The legal development comes as officials today said that the death toll from the country`s worst industrial disaster had reached 645.
Sheuli Akter, wife of Jahangir Alam, filed the complaint with Dhaka magistrate Wasim Sheikh, saying her husband and other workers were "pushed toward death" by building owner Mohammed Sohel Rana and two others.
Alam was employed in New Wave Styles Ltd, one of the five garment factories housed in the eight-story Rana Plaza that collapsed April 24 as workers started their morning shift even though cracks had developed in the building.
New Wave Styles owner Bazlul Adnan and local government engineer Imtemam Hossain were the two others accused in the case.
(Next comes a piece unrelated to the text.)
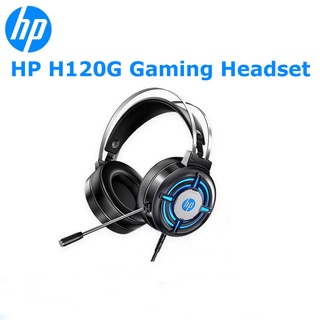 หูฟัง HP H120G GAMING HEADSET BLACK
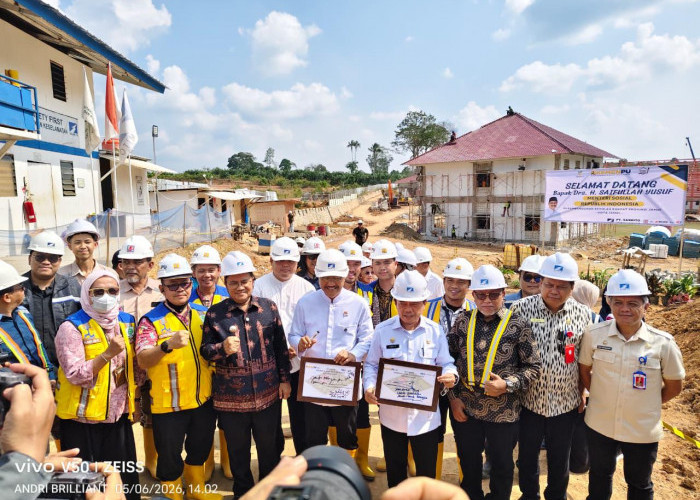 Mensos Saifullah Targetkan SR Kota Jambi Jangkau 300 Siswa Tahun Ini, 3 Tahun Kapasitas Penuh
Magistrate Sheikh ordered police to investigate the complaints, and local police chief Mohammed Asaduzzman today said that they would now investigate possible murder charges.
A conviction for murder can result in a death sentence in Bangladesh. Nine people, including Rana and Adanan, have already been arrested on other charges. Rana faces charges such as negligence and illegal construction, which are punishable by a maximum of seven years in jail.
By afternoon today, the death toll had reached 645, according to the police control room at the scene. It is not known how many people are still missing, as workers use heavy equipment to search through the rubble. There is still a stench around the collapse site from decomposing bodies.
An architect whose firm designed the initial floors of the building yesterday said it had not been designed for heavy industrial work. Masood Reza, an architect with Vastukalpa Consultants, said they designed the building in 2004 as a shopping mall and not for industrial purposes.
Officials say Rana illegally added three floors and allowed the garment factories to install generators.
Vibrations from garment machines and from the generators were thought to have contributed to the collapse.